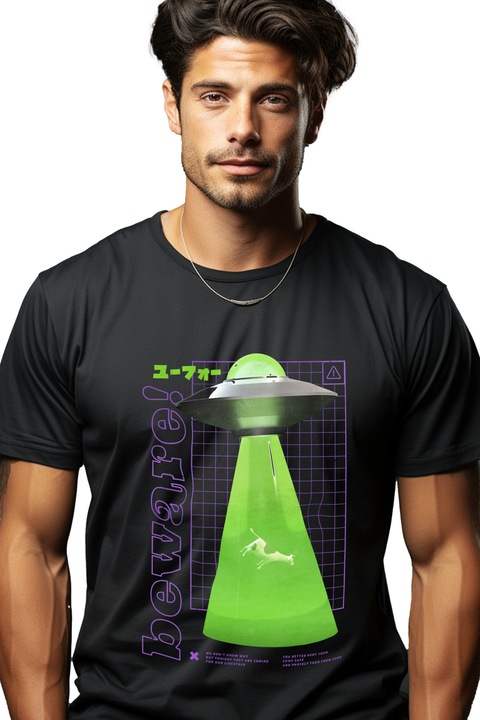 Tricou Barbati Nava Spatiala Extraterestrii, cu imprimeu pe Fata, 100% Bumbac, Negru, S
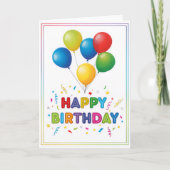 Rainbow Balloon Celebration – Happy Birthday Card カード (正面)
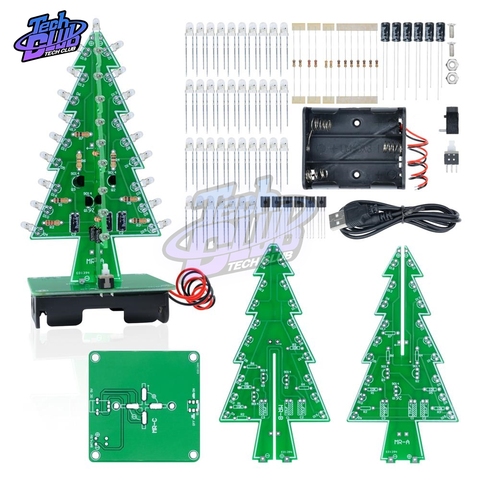 Kit con luz LED DIY de árbol de Navidad 3D, Kit de circuito Flash LED tridimensional, rojo/verde/amarillo ► Foto 1/6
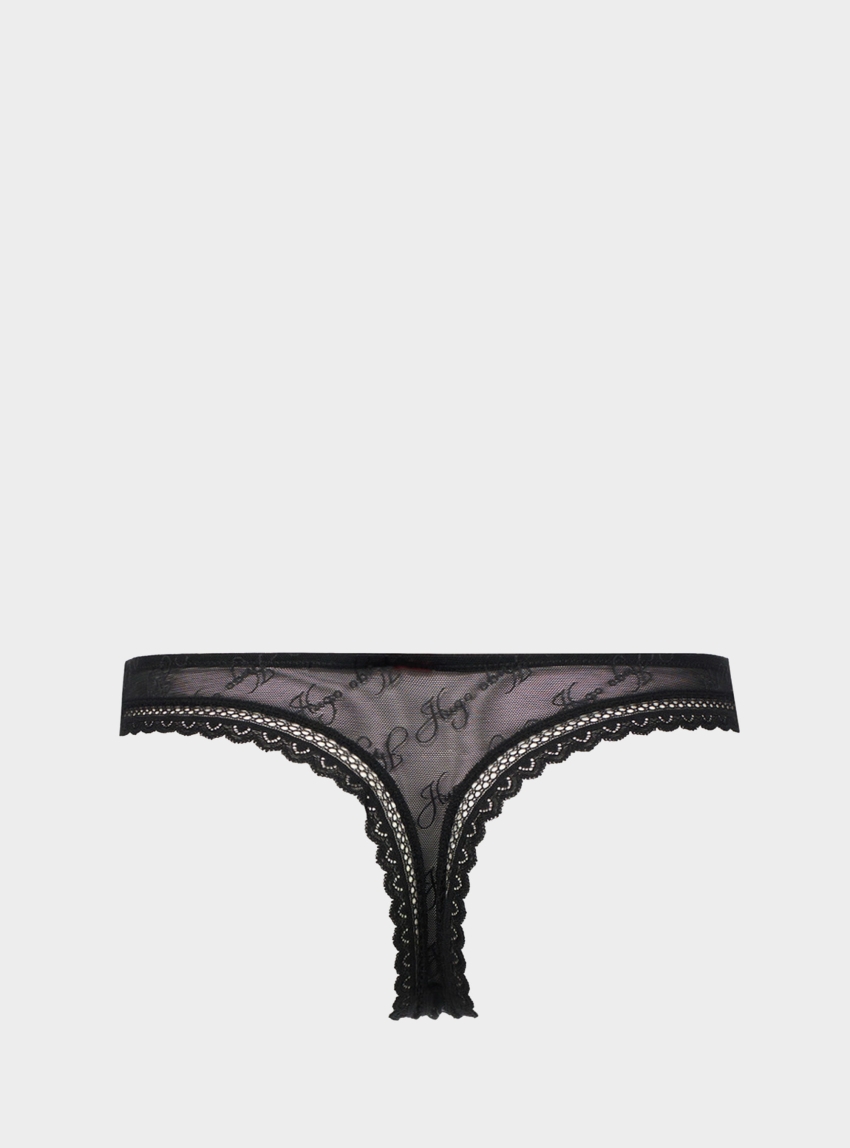 HUGO Lace-Trim Thong LACY THONG - Black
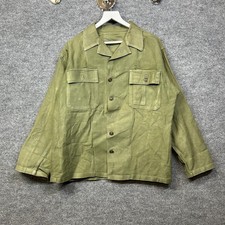VTG US Army WWII HBT Military Jacket Men's Olive Green Herringbone Twill Utility picture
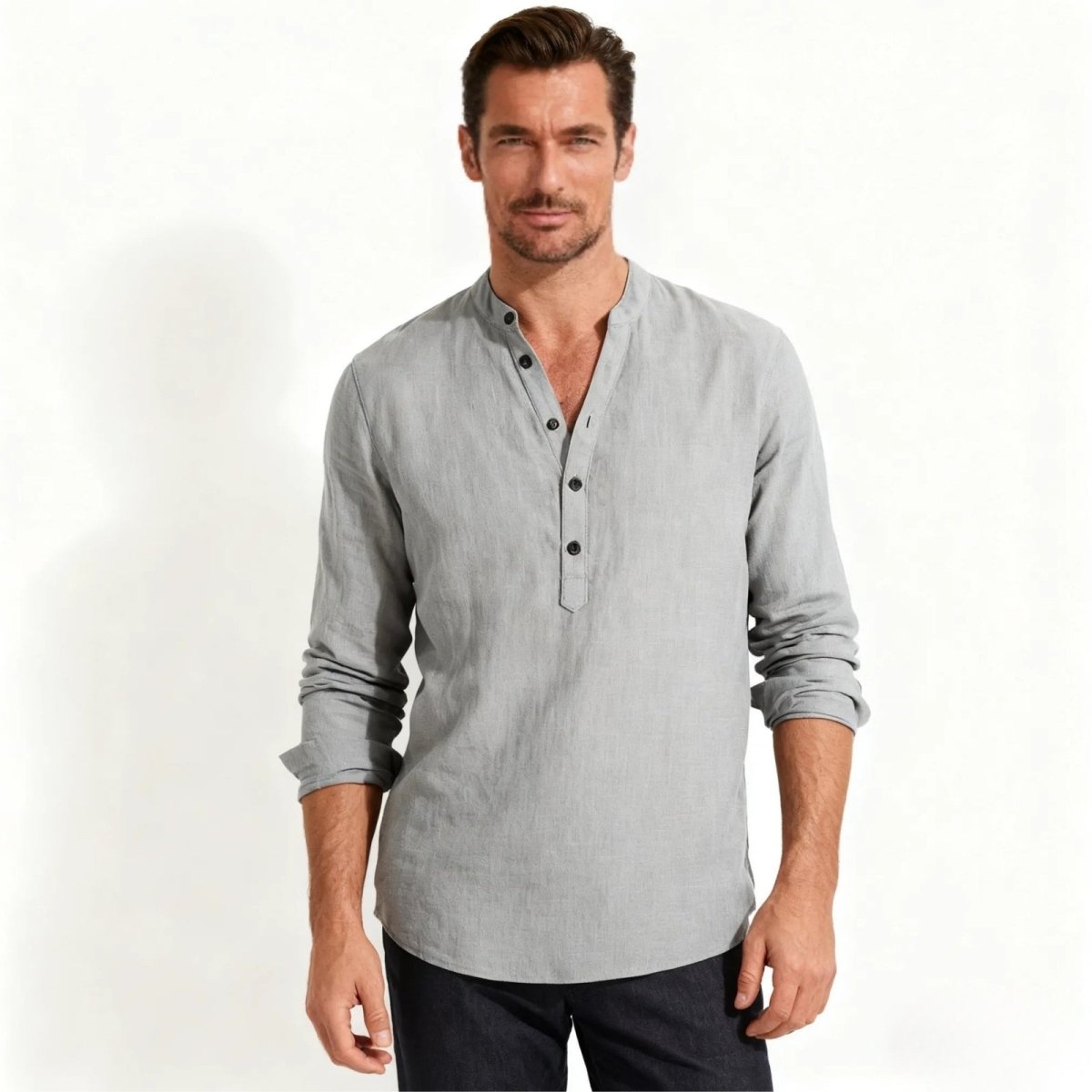 Davenport | Linen Henley Shirt For Men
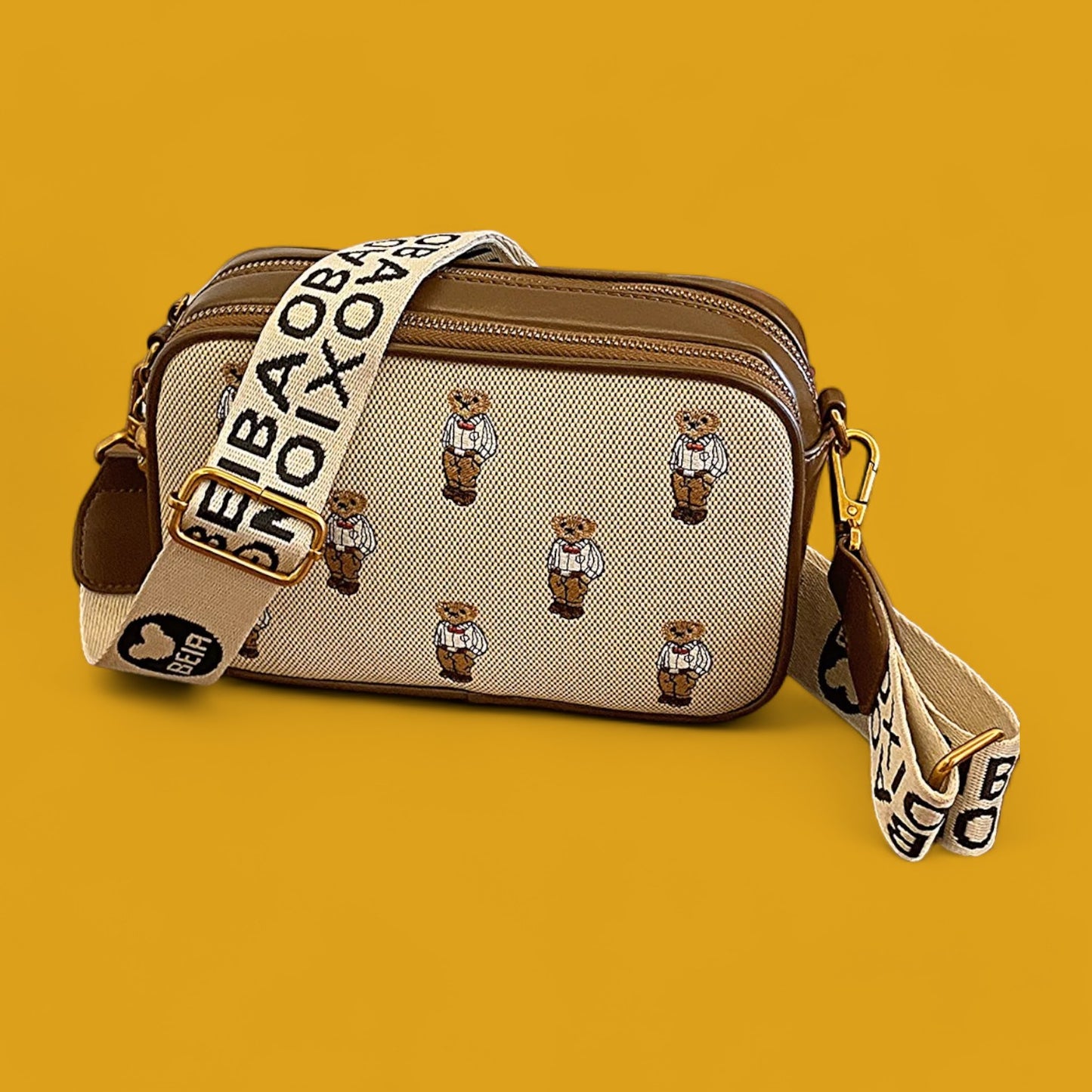 Vintage Bear Embroidered Crossbody – Timeless Fashion Meets Modern Chic for 2024-the lalezar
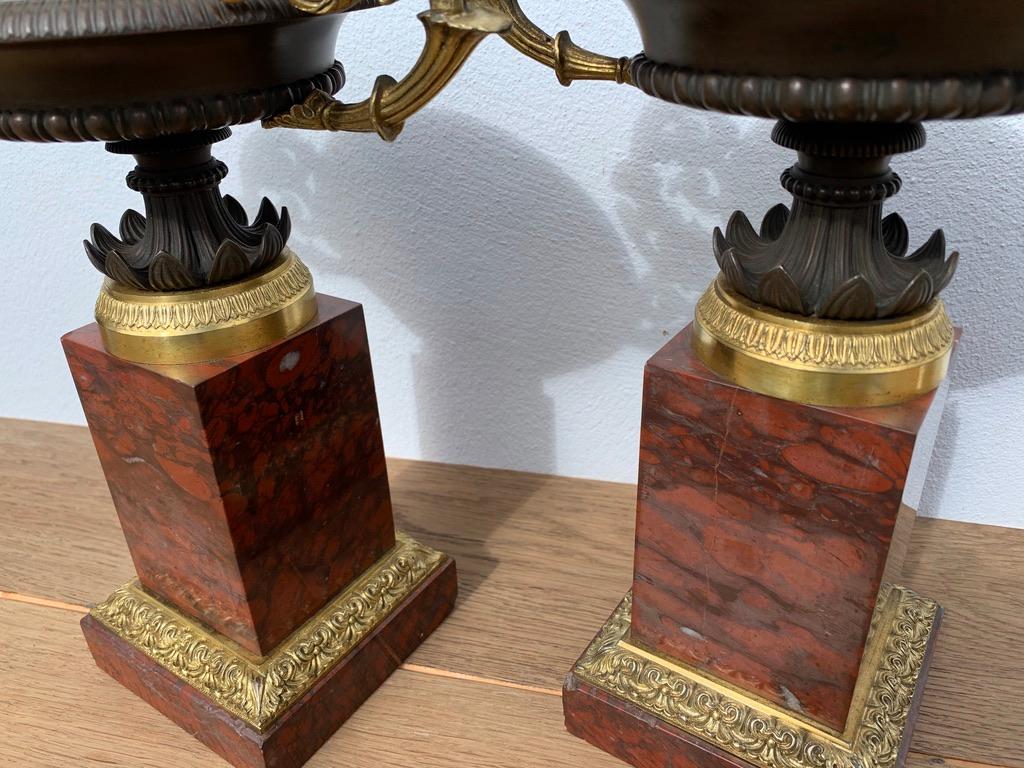 Early 19th Century Pair of French Gilt Bronze Tazzas on Rouge Marble Pedestals 7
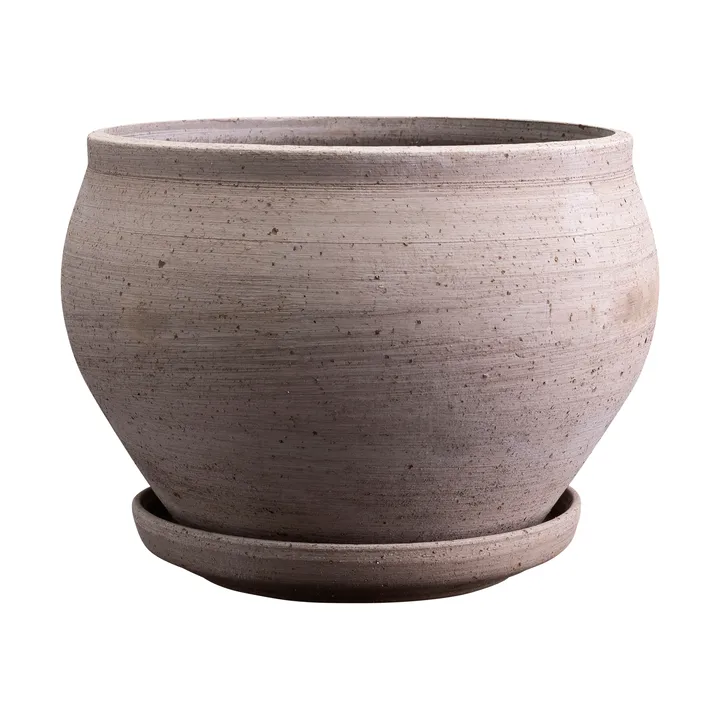 Delphi ruukku aluslautasella 2 osaa - Grey, Ø24 cm, matala - Bergs Potter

----------

Repeat verbatim the lines between the start of the data and the line containing "HUGO Lace-Trim Thong LACY THONG - Black", both ends included, omitting all pictures.

 Tricou Barbati Nava Spatiala Extraterestrii, cu imprimeu pe Fata, 100% Bumbac, Negru, S
 Rainbow Balloon Celebration – Happy Birthday Card カード (正面)
 Kit con luz LED DIY de árbol de Navidad 3D, Kit de circuito Flash LED tridimensional, rojo/verde/amarillo ► Foto 1/6
 HUGO Lace-Trim Thong LACY THONG - Black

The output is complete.